Open nikola-rados opened 3 years ago
Examining the snakeviz
output for a request of size 571mb (this is the reported size from Dataset.nbytes / 2
) we get a pretty clear picture of what is holding back the performance:
Note: Given the exact same parameters I've seen this time vary quite a bit, anywhere from late 200 seconds to early 400 seconds.
The Dataset.to_netcdf()
method takes up basically the entire runtime of the program. If we follow the call stack to the bottom, we see that the method is already using some threading to handle its execution:
Despite this is doesn't seem to do things particularly quickly (at least it feels that way). @cairosanders and I have already tried to incorporate asyncio
to simultaneously load the the individual requests but support from xarray
of asynchronous tasks is pretty limited. Also the main bottleneck of to_netcdf
still exists unfortunately.
I don't know what the performance requirements/expectations are for orca
but I get the feeling this may be a little too slow. As such I was hoping to open up some discussion about how to go about potentially speeding this up.
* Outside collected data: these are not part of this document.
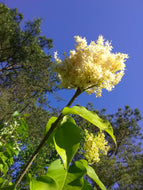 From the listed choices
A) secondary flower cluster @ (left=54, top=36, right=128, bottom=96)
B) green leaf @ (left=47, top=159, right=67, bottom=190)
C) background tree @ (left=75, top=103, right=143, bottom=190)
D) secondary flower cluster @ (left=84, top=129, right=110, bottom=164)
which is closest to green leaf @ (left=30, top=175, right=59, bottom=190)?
green leaf @ (left=47, top=159, right=67, bottom=190)

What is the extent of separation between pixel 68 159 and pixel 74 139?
0.24 feet

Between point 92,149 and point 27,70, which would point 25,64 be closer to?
point 27,70

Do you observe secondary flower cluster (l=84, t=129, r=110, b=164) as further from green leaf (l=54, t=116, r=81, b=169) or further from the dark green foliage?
the dark green foliage

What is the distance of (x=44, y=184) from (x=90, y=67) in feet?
1.89

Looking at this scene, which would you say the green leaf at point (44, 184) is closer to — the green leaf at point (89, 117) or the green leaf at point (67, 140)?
the green leaf at point (67, 140)

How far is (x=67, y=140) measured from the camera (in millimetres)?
613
To add some more details the results above were achieved by running: make performance
which runs a test case that splits a single request into two. Here is a look at the parameters passed into the script (found in the link above):
scripts/process.py -u tasmax_day_BCCAQv2_bcc-csm1-1-m_historical-rcp26_r1i1p1_19500101-21001231_Canada -v tasmax[0:1:15000] -t [0:1:91] -n [0:1:206] -l DEBUG
The original request is split into these two requests:
'https://docker-dev03.pcic.uvic.ca/twitcher/ows/proxy/thredds/dodsC/datasets/storage/data/climate/downscale/BCCAQ2/bccaqv2_with_metadata/tasmax_day_BCCAQv2+ANUSPLIN300_bcc-csm1-1-m_historical+rcp26_r1i1p1_19500101-21001231.nc?tasmax[0:1:7500][0:1:91][0:1:206]'
'https://docker-dev03.pcic.uvic.ca/twitcher/ows/proxy/thredds/dodsC/datasets/storage/data/climate/downscale/BCCAQ2/bccaqv2_with_metadata/tasmax_day_BCCAQv2+ANUSPLIN300_bcc-csm1-1-m_historical+rcp26_r1i1p1_19500101-21001231.nc?tasmax[7501:1:15000][0:1:91][0:1:206]'
These are split in half on the time variable such that both requests are under the threshold.
Here is the full set of logs from the run:
2021-02-26 13:08:15 INFO: Processing data file request
2021-02-26 13:08:15 DEBUG: Starting db session
2021-02-26 13:08:15 DEBUG: Got filepath: /storage/data/climate/downscale/BCCAQ2/bccaqv2_with_metadata/tasmax_day_BCCAQv2+ANUSPLIN300_bcc-csm1-1-m_historical+rcp26_r1i1p1_19500101-21001231.nc
2021-02-26 13:08:15 DEBUG: Initial url: https://docker-dev03.pcic.uvic.ca/twitcher/ows/proxy/thredds/dodsC/datasets/storage/data/climate/downscale/BCCAQ2/bccaqv2_with_metadata/tasmax_day_BCCAQv2+ANUSPLIN300_bcc-csm1-1-m_historical+rcp26_r1i1p1_19500101-21001231.nc?tasmax[0:1:15000][0:1:91][0:1:206]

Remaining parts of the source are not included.